Sejarah penyelenggaraan pemerintah daerah dapat diklasifikasikan dalam beberapa
periode, sebagai berikut :
1.
Periode Perjuangan Kemerdekaan (1945-1949);
2.
Pasca Kemerdekaan (1950-1959);
3.
Demokrasi Terpimpin (1959-1965);
4.
Orde Baru (1965-1998);
5.
Pasca Orde Baru atau Era Reformasi (1998-sekarang).
Problematika dan Tantangan[1]
Pada era
reformasi atau jatuhnya orde baru terjadi banyak perubahan yang fundamental
dalam sistem ketatanegaraan Indonesia. Hal itu terjadi karena adanya amandemen
konstitusi Indonesia, yaitu Amandemen UUD 1945. Perubahan tersebut membawa
pengaruh yang besar pula dalam politik hukum pemerintahan daerah. Berbagai
eksperimen pun dilakukan untuk menemukan formula yang sesuai dengan Negara
kesatuan Republik Indonesia. Bahkan isu federalisme[2]

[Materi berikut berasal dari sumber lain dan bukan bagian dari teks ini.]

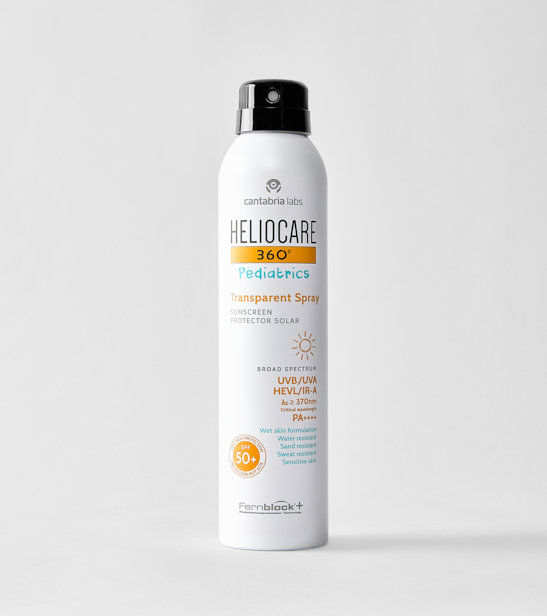Fotoprotección en spray para la piel sensible de los niños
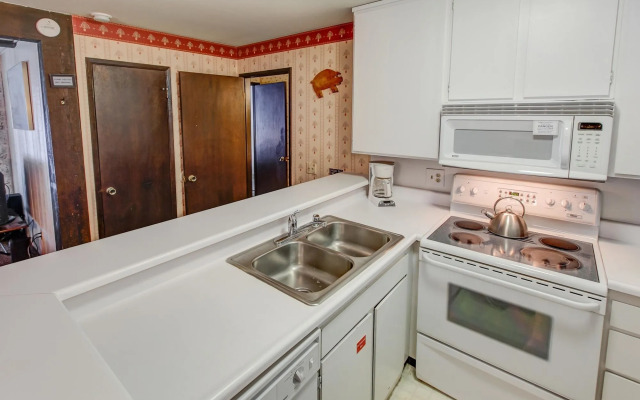 St Anton 53 - One Bedroom Condo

pun sempat mencuat dalam perbincangan dalam taraf nasional. Atas dasar tersebut,
maka mencuat satu pertanyaan besar. Bagaimana politik hukum pemerintahan daerah
yang dicanangkan oleh pemerintah, dalam dimensi reformasi seperti saat ini, dimana
tuntutan terhadap globalisasi tidak dapat dihindari? Oleh karena itu merumuskan
dua nilai kepentingan (global – bangsa) menjadi suatu keharusan.
Politik Hukum dan Format Otonomi Daerah
Menurut
Mahfud M.D politik hukum diartikan sebagai “legal policy” atau arah
hukum yang akan diberlakukan oleh Negara untuk mencapai tujuan Negara yang
bentuknya dapat berupa pembuatan hukum baru dan pergantian hukum lama. Sehingga
politik hukum otonomi daerah dapat diartikan sebagai “legal policy” atau
arah hukum yang akan diberlakukan Negara untuk mencapai tujuan Negara yang
bentuknya dapat berupa pembuatan hukum baru dan penggantian hukum lama tentang
otonomi daerah.
Arah hukum
dalam pembuatan hukum baru dan penggantian hukum lama tidak terlepas dari
konsep konstitusi, yaitu UUD 1945. Sebagaimana diuraikan sebelumnya bahwa
Indonesia pada kurun waktu 1999-2002 mengalami perubahan/amandemen konstitusi.
Hal ini tentunya merubah beberapa konsep hukum tertentu tentang otonomi daerah.
Kebijakan
otonomi daerah muncul tidak hanya atas kehendak dari pemerintah pusat, tetapi
juga terbentuk dan terlaksana atas kehendak masyarakat daerah itu sendiri.
Dalam satu negara kesatuan, negara adalah tunggal dan tidak dibagi
kedaulatannya. Oleh karena itu, luas dan besarnya kekuasaan daerah otonom dalam
negara kesatuan yang terdesentralisasi, tidak akan pernah memiliki kekuasaan
dalam membentuk konstitusi sendiri yang akan berbeda dengan konstitusi negara
induknya. Hal inilah yang membedakan sistem Negara kesatuan dan Negara federal.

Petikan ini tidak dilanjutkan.